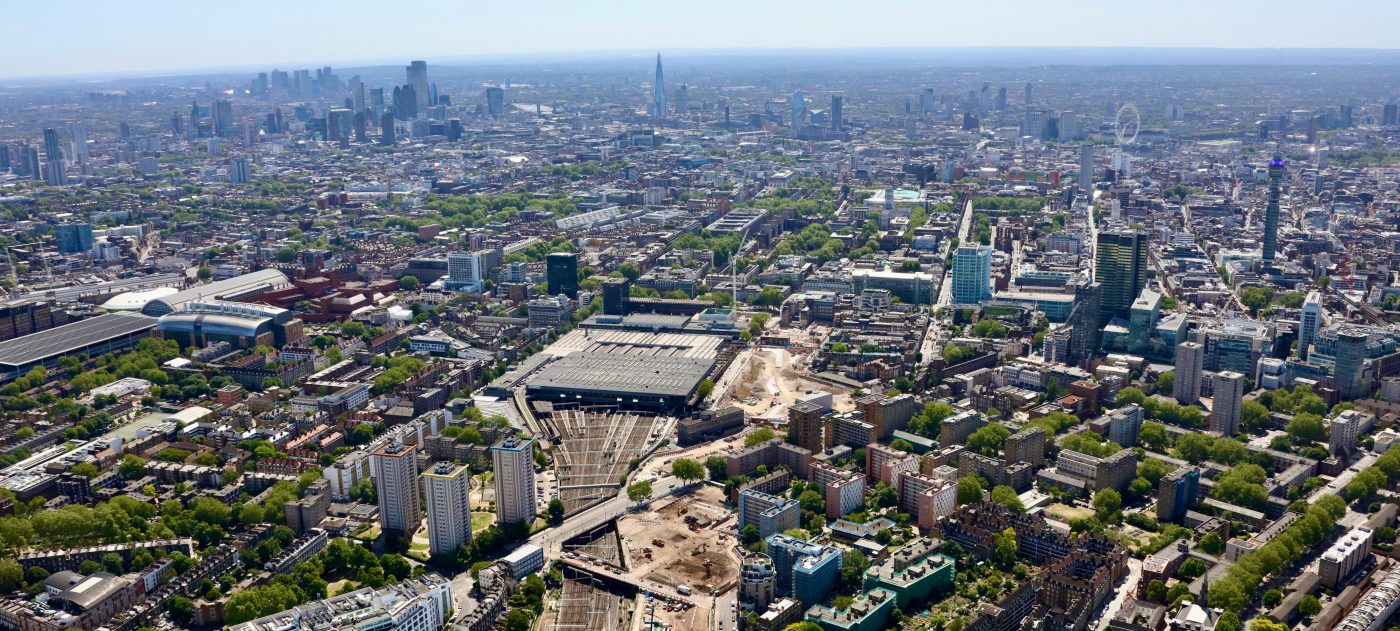 Aerial images of Euston station showcasing HS2 construction work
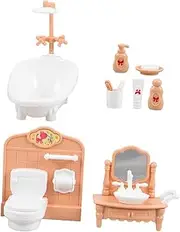 Yardwe Set Miniature Bathroom Furniture Dollhouse Accessories Detailed Craftsmanship Shower Room Set Great for Photography Props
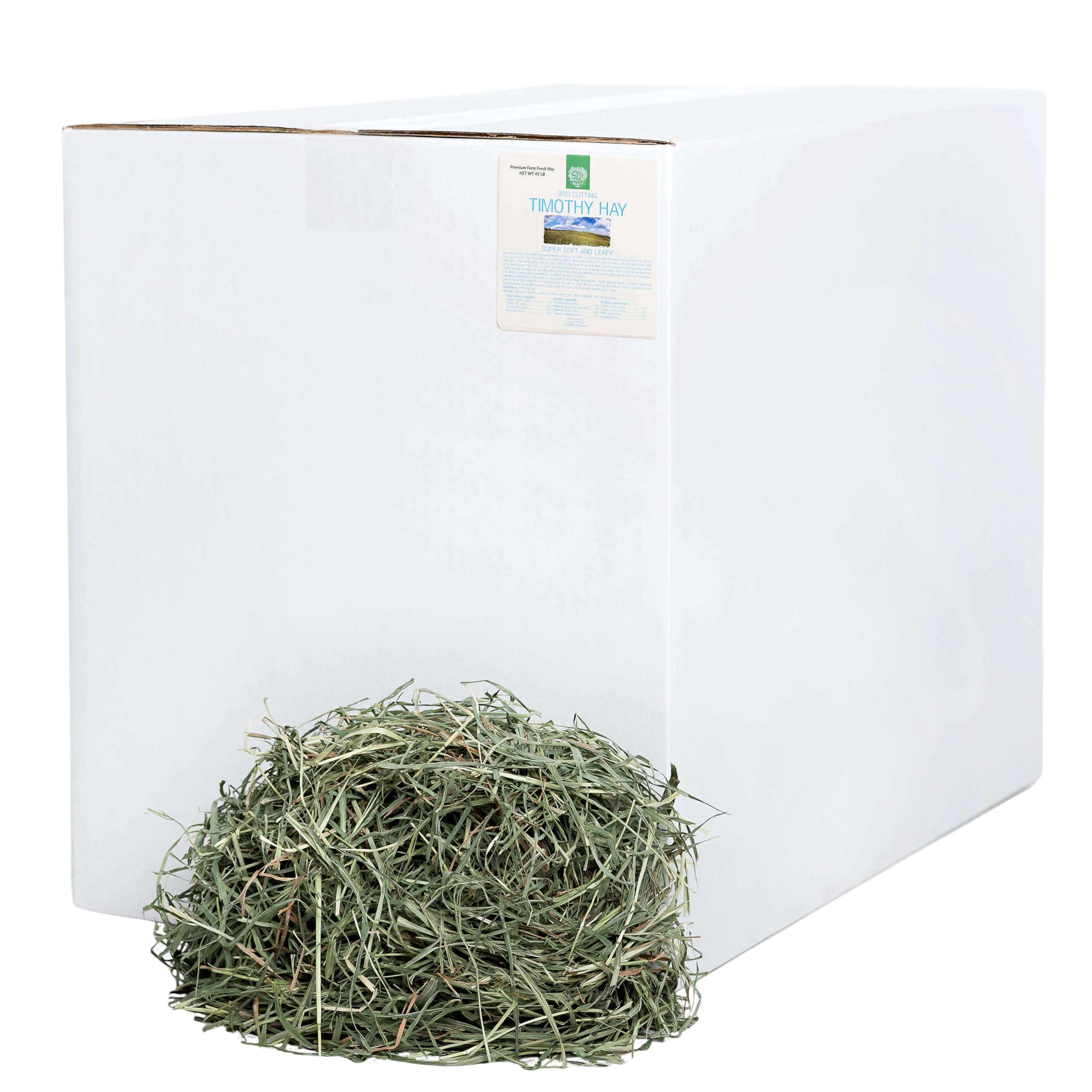 Small Pet Select 3rd Cutting Super Soft Timothy Hay Pet Food for Picky Eaters, Rabbits, Guinea Pigs, and Other Small Animals, Easy to Store Box, 40 LB (18kg)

→ **What needs to be done**: Return the full listing above verbatim, please, but without its images.

→ **Result of the task**:
 Aerial images of Euston station showcasing HS2 construction work
 Yardwe Set Miniature Bathroom Furniture Dollhouse Accessories Detailed Craftsmanship Shower Room Set Great for Photography Props
 Small Pet Select 3rd Cutting Super Soft Timothy Hay Pet Food for Picky Eaters, Rabbits, Guinea Pigs, and Other Small Animals, Easy to Store Box, 40 LB (18kg)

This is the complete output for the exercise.